The command \verb& syms x & declares \verb$ x $ to be a symbolic
variable.
The command \verb& expr1 = (x-1)*(x-2)*(x-3)*(x-4)*(x-5) & gives the
label \textsf{expr1} to the expression $(x-1)(x-2)(x-3)(x-4)(x-5)$.
The command \textsf{expand} is used to expand or multiply out an
expression. Expanding \textsf{expr1} yields
$$
x^5 - 15x^4 + 85x^3 - 225x^2 + 274x - 120
$$
The command \verb& factor & is used to factor an expression. Here we
factor the expression that results from expanding \verb&expr1&.
Thereby, we recover \textsf{expr1}, which is what one would expect.
Solving $expr2 = 0$ gives $x = 1, 2, 3, 4, 5$.
The relationship between solving and factoring is as follows: \\
Let $p(x)$ be any polynomial.
$x = x_0$ is a solution of $p(x) = 0$ if and only if
$x - x_0$ is a factor of $p(x)$.
\item \textsc{MatLab} is not able to factor
$x^4 + 3x^3 + 3x^2 + x + 3$.
\textsc{MatLab} \emph{is} able to solve
$x^4 + 3x^3 + 3x^2 + x + 3 = 0$ symbolically; however, the solutions it
gives are extremely long and complicated.
The command \verb& double(ans)& numerically evaluates \verb&ans&, in
this case the symbolic solutions to
$x^4 + 3x^3 + 3x^2 + x + 3 = 0$.
(Note. \verb&double(ans)& does not mean \verb$2 * ans$;
\verb&double& is short for double precision.) The numerical solutions we obtain
are
$$
x = 0.2289 \pm 0.8595i, -1.7289 \pm 0.8959i
$$
One reason an exact, symbolic solution may not be as useful as an approximation
is that when we measure things we usually use decimals or very simple
fractions.
\item Solving $expr3 - 3$ gives $x = 0, -1, -1, -1$.

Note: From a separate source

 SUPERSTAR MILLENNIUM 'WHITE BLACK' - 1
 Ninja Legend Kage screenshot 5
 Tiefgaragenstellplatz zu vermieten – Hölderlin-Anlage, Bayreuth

The reason the answer is so nice is that $expr3 - 3$ is
$x^4 + 3x^3 + 3x^2 + x = x(x^3 + 3x^2 + 3x + 1) = x(x + 1)^3$.
\item \textsc{MatLab} is unable to factor $expr4$ or to solve
$expr4 = 0$, symbolically. \textsc{MatLab} gives the numerical
solutions (to four decimal places)
\[
x = 0.9615, 2.2093, 2.7342, 4.1510, 4.9541
\]
None of the algorithms \textsc{MatLab} uses to obtain symbolic solutions
to polynomial equations work for this equation, so \textsc{MatLab}
provides an approximate numerical solution.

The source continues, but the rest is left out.